── SUPPLIED MATERIAL

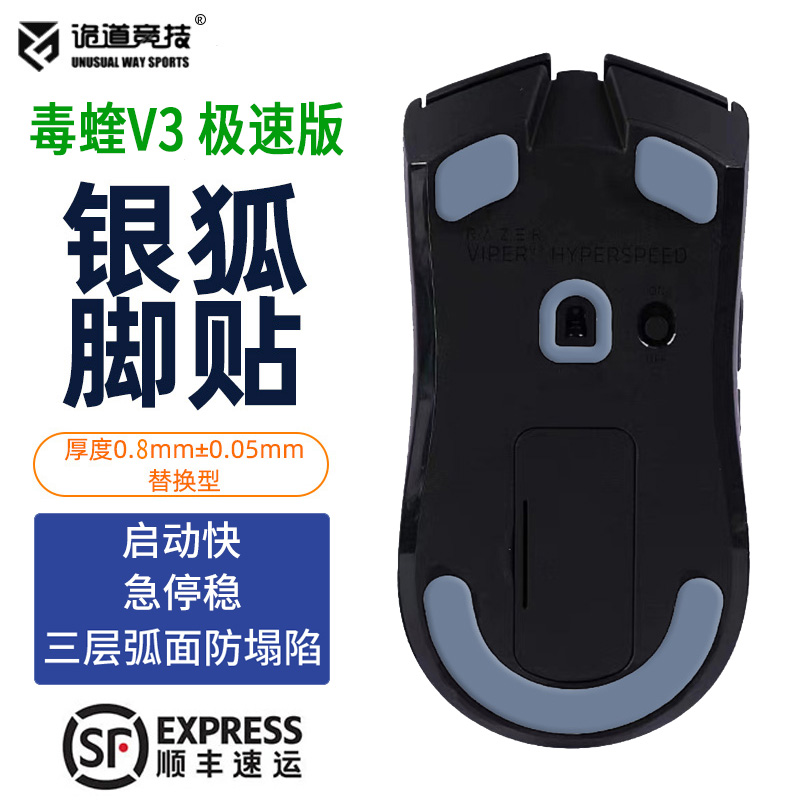 诡道竞技毒蝰V3极速版银狐脚贴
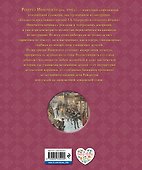 Рождественская песнь (иллюстрации Роберто Инноченти) - 1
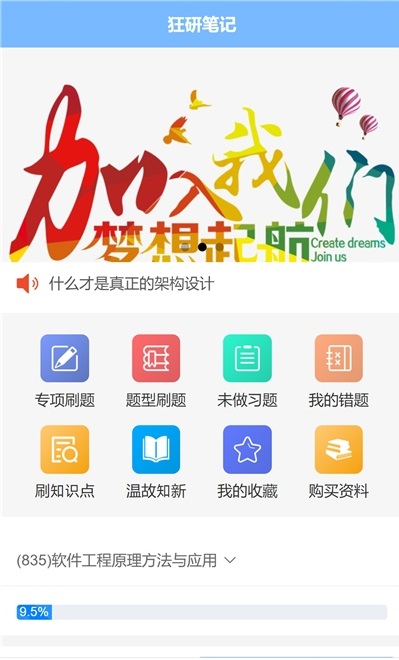 狂研笔记  v1.0.3图3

────

YOUR OBJECTIVE:
None of the pictures should appear, though every line of the data above must be reproduced exactly.

RESPONSE TO THIS EXERCISE:
 诡道竞技毒蝰V3极速版银狐脚贴
 Рождественская песнь (иллюстрации Роберто Инноченти) - 1
 狂研笔记  v1.0.3图3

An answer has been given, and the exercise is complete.